* _Activity_:
Only one stretch of the records below should be repeated. It starts with the line containing "HGSTハードドライブからデータを回復する方法" and goes on through the line containing "Item preview, Cute", exactly as written.

BEGIN Exercise materials

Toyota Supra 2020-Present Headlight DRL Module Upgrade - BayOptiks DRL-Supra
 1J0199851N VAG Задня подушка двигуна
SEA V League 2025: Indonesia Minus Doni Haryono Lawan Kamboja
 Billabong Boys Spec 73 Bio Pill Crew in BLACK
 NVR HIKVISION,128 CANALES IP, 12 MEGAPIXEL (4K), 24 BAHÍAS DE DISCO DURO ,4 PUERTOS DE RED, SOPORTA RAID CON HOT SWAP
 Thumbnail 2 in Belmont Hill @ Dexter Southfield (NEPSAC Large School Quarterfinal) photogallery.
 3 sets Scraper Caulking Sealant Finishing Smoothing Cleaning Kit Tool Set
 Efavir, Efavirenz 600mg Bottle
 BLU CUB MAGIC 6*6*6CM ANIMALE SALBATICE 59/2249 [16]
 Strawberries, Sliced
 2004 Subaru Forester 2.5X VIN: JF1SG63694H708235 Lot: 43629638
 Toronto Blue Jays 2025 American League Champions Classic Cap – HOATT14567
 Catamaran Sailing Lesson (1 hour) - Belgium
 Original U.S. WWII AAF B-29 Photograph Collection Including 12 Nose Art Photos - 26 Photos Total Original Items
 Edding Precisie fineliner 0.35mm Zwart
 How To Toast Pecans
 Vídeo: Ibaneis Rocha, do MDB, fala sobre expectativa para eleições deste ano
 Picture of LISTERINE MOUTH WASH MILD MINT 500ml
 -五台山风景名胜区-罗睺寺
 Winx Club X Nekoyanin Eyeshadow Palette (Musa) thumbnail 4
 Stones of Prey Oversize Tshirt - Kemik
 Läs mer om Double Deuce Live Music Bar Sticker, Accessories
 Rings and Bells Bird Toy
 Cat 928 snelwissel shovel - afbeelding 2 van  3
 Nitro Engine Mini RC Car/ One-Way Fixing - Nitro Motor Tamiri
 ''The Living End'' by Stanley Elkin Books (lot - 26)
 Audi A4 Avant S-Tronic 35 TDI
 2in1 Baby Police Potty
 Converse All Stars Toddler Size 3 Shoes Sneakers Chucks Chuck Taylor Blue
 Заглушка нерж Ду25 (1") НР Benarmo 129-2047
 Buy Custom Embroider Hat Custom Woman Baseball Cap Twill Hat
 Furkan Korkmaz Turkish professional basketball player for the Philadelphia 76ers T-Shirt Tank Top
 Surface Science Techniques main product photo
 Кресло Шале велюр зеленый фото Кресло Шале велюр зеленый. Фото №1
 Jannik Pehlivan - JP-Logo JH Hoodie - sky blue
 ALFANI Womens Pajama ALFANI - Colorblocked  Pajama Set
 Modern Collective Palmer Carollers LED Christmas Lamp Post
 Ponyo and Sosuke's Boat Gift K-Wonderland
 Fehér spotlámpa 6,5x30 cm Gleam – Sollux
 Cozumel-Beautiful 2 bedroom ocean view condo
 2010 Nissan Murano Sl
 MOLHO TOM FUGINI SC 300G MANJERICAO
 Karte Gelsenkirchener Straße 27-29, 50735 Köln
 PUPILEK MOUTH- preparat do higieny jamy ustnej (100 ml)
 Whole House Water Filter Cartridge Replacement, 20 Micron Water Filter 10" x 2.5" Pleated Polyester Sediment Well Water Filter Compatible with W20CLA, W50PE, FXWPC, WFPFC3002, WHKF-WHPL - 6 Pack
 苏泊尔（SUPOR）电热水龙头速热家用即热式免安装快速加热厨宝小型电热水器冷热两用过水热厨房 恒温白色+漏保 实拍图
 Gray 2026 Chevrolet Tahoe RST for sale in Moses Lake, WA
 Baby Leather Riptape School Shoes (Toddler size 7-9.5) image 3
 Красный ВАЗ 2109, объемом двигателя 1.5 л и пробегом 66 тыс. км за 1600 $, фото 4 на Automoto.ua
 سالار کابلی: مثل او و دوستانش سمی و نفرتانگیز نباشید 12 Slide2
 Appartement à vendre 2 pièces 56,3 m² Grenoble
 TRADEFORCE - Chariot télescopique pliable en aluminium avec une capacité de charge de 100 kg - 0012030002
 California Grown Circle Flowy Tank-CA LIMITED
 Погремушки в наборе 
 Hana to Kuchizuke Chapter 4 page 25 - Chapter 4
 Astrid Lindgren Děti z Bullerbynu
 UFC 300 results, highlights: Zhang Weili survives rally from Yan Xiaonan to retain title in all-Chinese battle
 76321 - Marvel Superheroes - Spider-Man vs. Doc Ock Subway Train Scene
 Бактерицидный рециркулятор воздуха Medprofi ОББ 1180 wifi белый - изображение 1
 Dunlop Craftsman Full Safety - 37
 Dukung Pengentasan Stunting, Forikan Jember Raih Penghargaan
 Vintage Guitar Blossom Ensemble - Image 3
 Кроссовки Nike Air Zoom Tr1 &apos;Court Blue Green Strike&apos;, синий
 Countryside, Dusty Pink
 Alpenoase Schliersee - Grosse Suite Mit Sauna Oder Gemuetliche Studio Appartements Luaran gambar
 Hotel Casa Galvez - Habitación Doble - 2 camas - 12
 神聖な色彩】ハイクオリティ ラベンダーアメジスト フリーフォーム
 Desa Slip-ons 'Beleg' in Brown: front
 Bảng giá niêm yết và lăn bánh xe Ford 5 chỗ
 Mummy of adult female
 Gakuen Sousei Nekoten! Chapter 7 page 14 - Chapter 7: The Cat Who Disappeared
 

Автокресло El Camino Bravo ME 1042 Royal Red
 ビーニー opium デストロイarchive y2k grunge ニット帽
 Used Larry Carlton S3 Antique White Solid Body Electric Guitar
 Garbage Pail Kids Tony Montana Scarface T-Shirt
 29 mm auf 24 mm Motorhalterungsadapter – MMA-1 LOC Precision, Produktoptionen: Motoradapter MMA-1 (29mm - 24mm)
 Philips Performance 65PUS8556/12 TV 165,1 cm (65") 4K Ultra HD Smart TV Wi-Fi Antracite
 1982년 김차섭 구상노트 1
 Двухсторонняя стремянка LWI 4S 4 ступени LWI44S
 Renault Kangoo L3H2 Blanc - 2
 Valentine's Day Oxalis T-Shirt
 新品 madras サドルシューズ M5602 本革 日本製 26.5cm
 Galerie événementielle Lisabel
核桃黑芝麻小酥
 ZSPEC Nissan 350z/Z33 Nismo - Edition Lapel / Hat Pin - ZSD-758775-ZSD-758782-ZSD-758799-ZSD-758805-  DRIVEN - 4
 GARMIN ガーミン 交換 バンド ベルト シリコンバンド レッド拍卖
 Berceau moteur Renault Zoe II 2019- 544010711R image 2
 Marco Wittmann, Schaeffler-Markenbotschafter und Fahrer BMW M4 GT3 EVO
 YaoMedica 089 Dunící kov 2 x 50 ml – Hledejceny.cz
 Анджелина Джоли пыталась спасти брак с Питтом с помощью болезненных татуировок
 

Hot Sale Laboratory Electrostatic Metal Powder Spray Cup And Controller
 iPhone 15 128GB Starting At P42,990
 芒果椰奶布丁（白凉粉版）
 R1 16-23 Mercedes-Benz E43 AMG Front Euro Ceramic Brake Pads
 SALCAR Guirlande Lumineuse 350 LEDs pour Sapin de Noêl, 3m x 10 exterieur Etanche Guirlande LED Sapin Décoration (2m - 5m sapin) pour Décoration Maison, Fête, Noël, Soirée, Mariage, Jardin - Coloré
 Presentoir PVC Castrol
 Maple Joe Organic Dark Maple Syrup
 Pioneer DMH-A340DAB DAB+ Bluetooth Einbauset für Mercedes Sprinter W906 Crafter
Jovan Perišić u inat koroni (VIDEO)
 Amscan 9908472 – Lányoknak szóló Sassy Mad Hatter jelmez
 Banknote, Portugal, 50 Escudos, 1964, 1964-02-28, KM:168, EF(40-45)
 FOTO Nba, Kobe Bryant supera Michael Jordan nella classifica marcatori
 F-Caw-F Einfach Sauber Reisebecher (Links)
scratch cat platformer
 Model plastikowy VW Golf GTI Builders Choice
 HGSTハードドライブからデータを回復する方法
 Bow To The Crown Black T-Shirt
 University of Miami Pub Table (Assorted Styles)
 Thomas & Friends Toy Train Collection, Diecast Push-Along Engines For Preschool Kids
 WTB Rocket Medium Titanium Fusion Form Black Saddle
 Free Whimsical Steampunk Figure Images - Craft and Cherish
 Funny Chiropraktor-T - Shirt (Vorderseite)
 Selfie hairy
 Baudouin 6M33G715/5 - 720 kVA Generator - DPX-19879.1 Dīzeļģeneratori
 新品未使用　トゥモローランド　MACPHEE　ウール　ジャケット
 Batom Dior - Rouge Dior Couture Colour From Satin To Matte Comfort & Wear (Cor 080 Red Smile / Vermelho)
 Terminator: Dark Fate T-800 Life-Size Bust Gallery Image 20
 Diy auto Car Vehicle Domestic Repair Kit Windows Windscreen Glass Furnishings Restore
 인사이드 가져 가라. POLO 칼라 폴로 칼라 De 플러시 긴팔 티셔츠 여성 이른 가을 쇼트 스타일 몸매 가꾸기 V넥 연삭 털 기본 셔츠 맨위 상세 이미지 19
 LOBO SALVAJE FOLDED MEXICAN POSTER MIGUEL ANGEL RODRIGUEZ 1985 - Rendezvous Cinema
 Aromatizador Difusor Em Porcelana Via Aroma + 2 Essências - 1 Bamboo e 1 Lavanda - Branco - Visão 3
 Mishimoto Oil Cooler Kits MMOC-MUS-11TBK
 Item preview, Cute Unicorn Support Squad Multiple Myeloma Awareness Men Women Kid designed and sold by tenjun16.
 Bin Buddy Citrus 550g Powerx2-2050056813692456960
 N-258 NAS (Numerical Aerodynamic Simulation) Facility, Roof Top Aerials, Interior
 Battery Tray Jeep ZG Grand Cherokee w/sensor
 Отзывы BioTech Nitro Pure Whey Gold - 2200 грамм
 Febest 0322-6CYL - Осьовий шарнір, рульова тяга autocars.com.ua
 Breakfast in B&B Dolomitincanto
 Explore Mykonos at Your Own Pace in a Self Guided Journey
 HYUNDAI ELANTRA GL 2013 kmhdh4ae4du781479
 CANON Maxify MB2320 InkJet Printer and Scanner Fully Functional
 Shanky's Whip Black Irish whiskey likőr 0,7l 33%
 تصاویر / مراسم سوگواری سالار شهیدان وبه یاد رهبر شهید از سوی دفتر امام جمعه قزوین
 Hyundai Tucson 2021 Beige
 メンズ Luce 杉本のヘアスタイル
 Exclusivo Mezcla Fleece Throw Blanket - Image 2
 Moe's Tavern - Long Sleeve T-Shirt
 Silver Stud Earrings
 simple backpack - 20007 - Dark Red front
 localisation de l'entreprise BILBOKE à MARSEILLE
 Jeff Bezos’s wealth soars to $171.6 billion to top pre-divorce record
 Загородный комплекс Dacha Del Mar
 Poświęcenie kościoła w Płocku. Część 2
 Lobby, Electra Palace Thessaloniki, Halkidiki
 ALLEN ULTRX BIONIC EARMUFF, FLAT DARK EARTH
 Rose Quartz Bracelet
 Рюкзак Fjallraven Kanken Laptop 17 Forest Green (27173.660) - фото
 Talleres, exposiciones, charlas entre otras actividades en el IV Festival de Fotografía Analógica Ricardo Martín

END Exercise materials

* _Response_:
 HGSTハードドライブからデータを回復する方法
 Bow To The Crown Black T-Shirt
 University of Miami Pub Table (Assorted Styles)
 Thomas & Friends Toy Train Collection, Diecast Push-Along Engines For Preschool Kids
 WTB Rocket Medium Titanium Fusion Form Black Saddle
 Free Whimsical Steampunk Figure Images - Craft and Cherish
 Funny Chiropraktor-T - Shirt (Vorderseite)
 Selfie hairy
 Baudouin 6M33G715/5 - 720 kVA Generator - DPX-19879.1 Dīzeļģeneratori
 新品未使用　トゥモローランド　MACPHEE　ウール　ジャケット
 Batom Dior - Rouge Dior Couture Colour From Satin To Matte Comfort & Wear (Cor 080 Red Smile / Vermelho)
 Terminator: Dark Fate T-800 Life-Size Bust Gallery Image 20
 Diy auto Car Vehicle Domestic Repair Kit Windows Windscreen Glass Furnishings Restore
 인사이드 가져 가라. POLO 칼라 폴로 칼라 De 플러시 긴팔 티셔츠 여성 이른 가을 쇼트 스타일 몸매 가꾸기 V넥 연삭 털 기본 셔츠 맨위 상세 이미지 19
 LOBO SALVAJE FOLDED MEXICAN POSTER MIGUEL ANGEL RODRIGUEZ 1985 - Rendezvous Cinema
 Aromatizador Difusor Em Porcelana Via Aroma + 2 Essências - 1 Bamboo e 1 Lavanda - Branco - Visão 3
 Mishimoto Oil Cooler Kits MMOC-MUS-11TBK
 Item preview, Cute Unicorn Support Squad Multiple Myeloma Awareness Men Women Kid designed and sold by tenjun16.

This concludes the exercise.